Perante a idéia do museu enquanto conservação da tradição histórica, a massa turística que invade os museus europeus tem a segurança de estar efetivamente diante de uma grande obra mascarando o vazio e o cansaço que o fizeram chegar até ali. Blanchot considera que “a arte há aceitado chegar a ser uma arte de museu: grande inovação e para muitos signo de um grande empobrecimento.” Hoje os museus que abrigam importantes obras históricas são intransitáveis aumentando a distância entre a arte e o público. Atualmente, pode-se perceber que a histeria que invade os setores de turismo cultural é alimentado e incentivado pelos museus; promovendo assim toda a superficialidade do sistema capitalista com seus emaranhados de informações publicitárias. Segundo Pierre Bourdieu e Alan Darbel, no livro O amor à arte, “ao designar e consagrar determinadas obras ou lugares (tanto o museu quanto a igreja) como dignos de ser freqüentados, as instâncias investidas com o poder delegado para impor um arbítrio cultural (...) podem determinar a freqüência com que essas obras se mostrarão como intrinsecamente, ou melhor, naturalmente, dignas de ser admiradas ou desfrutadas.” Desta maneira, o museu, como instituição, apóia-se nesse fenômeno para promover e alcançar um grande número de visitantes que atravessam salas e corredores anestesiados por lentes, interceptados por câmeras e afogados por adjetivos.

Bibliografía:

BLANCHOT, Maurice (2007) La amistad, Trad. J.A. Doval Liz. Ed. Trotta, Madrid.

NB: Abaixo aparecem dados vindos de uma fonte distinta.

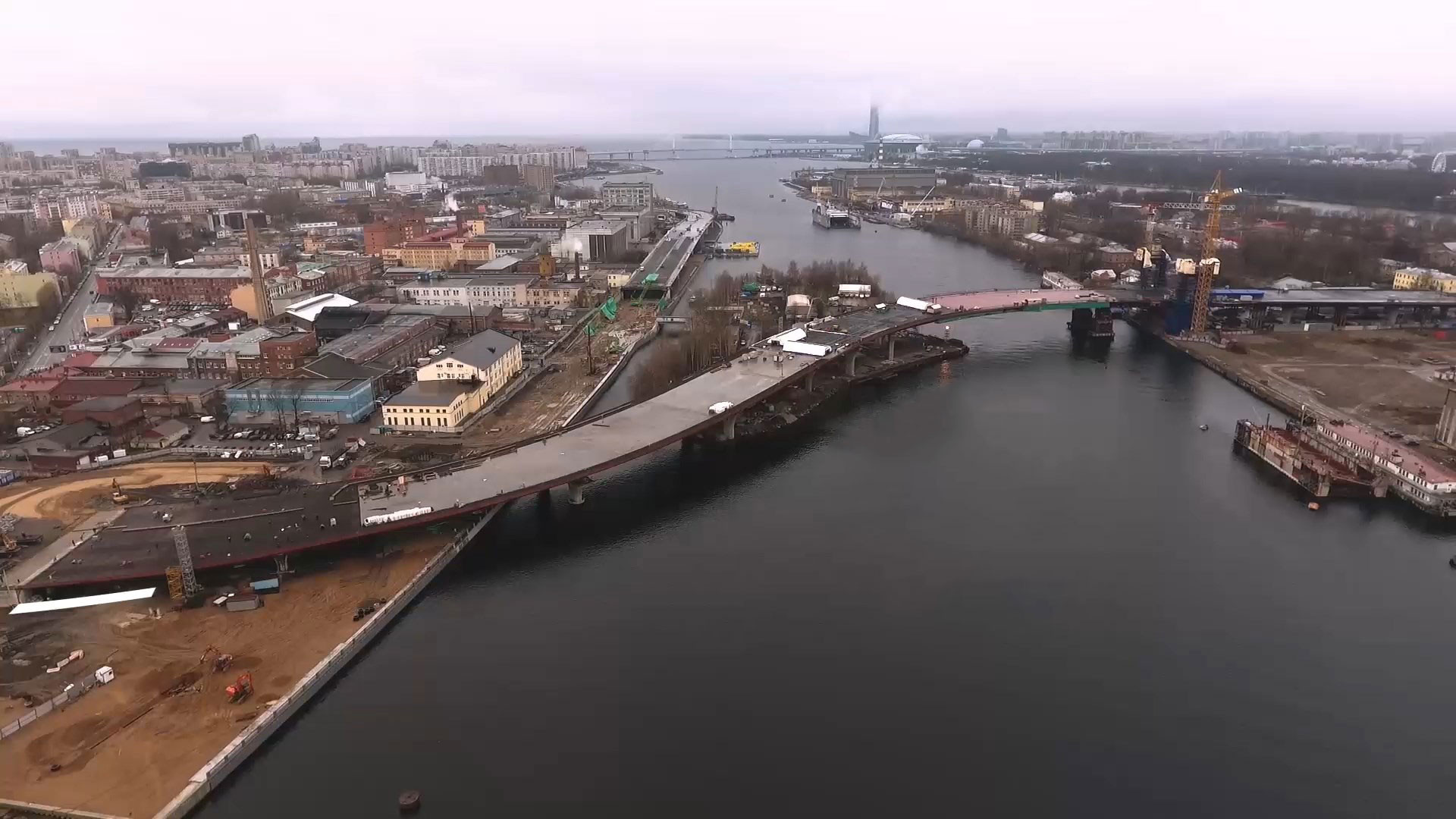 Мост бетанкура спб. Васильевский остров соединяют мосты. Санкт-петербург васильевский остров мосты. Биржевой мост васильевского острова. Вид со стрелки васильевского острова.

BOURDIEU, Pierre y DARBEL, Alain (2003) El amor al arte. Los museos europeos y su público, Trad. Jordi Terré. Ed. Paidós, Barcelona
GONZÁLEZ, Fernando Estévez, "Narrativas de seducción, apropiación y muerte o el souvenir en la época de la reproductibilidad turística" in Revista Acto, sobre fantasmas (2008) Acto Ediciones, Santa Cruz de Tenerife.